DÜNYA ÇOCUK GÜNÜ
Birleşmiş Milletler (BM) tarafından 20 Kasım tarihi Dünya Çocuk Günü olarak kabul edilmiştir. BM, 20 Kasım 1959 tarihinde Çocuk Hakları Bildirgesini ve yine 20 Kasım 1989 tarihinde ise Çocuk Haklarına Dair Sözleşmeyi kabul etti. Böylece ortaya “Dünya Çocuk Günü” çıktı.
Bugünün anlamı şudur: her çocuk doğuştan eğitim, sağlık, yaşama, barınma, beslenme, cinsel ve psikolojik sömürüye karşı korunma gibi temel haklara sahiptir. Bunlar her çocuğun temel hakkıdır.
Çocuklar için bir gün yetmez her gün çocuklarındır.

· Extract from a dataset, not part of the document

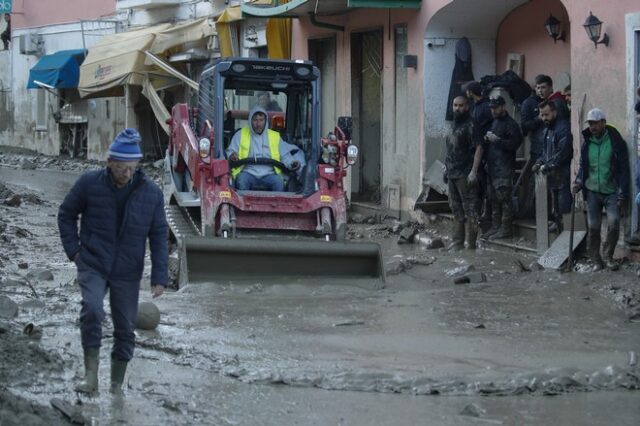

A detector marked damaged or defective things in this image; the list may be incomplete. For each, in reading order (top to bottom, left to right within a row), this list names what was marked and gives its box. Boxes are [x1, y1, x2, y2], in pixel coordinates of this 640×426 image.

torn awning [26, 49, 87, 89]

Çünkü bizler ebeveynleri, öğretmenleri olarak çocuklarla her gün beraberiz. Öyleyse her gün çocukların günüdür.
Çocukların barış içinde daha güzel bir dünyada sağlıklı ve mutlu yaşamaları gerekmektedir.
Türkiye açısından konuya baktığımızda ise durum gurur vericidir. Çünkü Türkiye Büyük Millet Meclisi (TBMM) 23 Nisan 1920 günü açıldı. Atatürk, bugünü “Ulusal Egemenlik ve Çocuk Bayramı” olarak bütün çocuklara hediye etti.
Bu bayram her yıl 23 Nisan’da gerek Türkiye’de gerekse de dünya çapında “Uluslararası Çocuk Bayramı” olarak kutlanır.
ÇOCUKLARIN EĞİTİM VE ÖĞRETİMİ
Çocuklar, bütün dünyanın geleceğidir, göz bebeğidir. Onun için çocukların çok iyi yetiştirilip topluma hazırlanması gerekiyor. Bunun içinde çocukların eğitimi ve öğretim çok önemlidir.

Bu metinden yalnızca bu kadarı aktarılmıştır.